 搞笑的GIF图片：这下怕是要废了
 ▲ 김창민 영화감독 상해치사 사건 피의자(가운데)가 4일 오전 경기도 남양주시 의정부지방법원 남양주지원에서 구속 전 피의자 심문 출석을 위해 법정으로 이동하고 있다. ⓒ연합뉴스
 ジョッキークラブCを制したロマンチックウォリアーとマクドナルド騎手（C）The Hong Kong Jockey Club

.....

Brief:
Copy the full listing word for word.

Exercise answer:
 搞笑的GIF图片：这下怕是要废了
 ▲ 김창민 영화감독 상해치사 사건 피의자(가운데)가 4일 오전 경기도 남양주시 의정부지방법원 남양주지원에서 구속 전 피의자 심문 출석을 위해 법정으로 이동하고 있다. ⓒ연합뉴스
 ジョッキークラブCを制したロマンチックウォリアーとマクドナルド騎手（C）The Hong Kong Jockey Club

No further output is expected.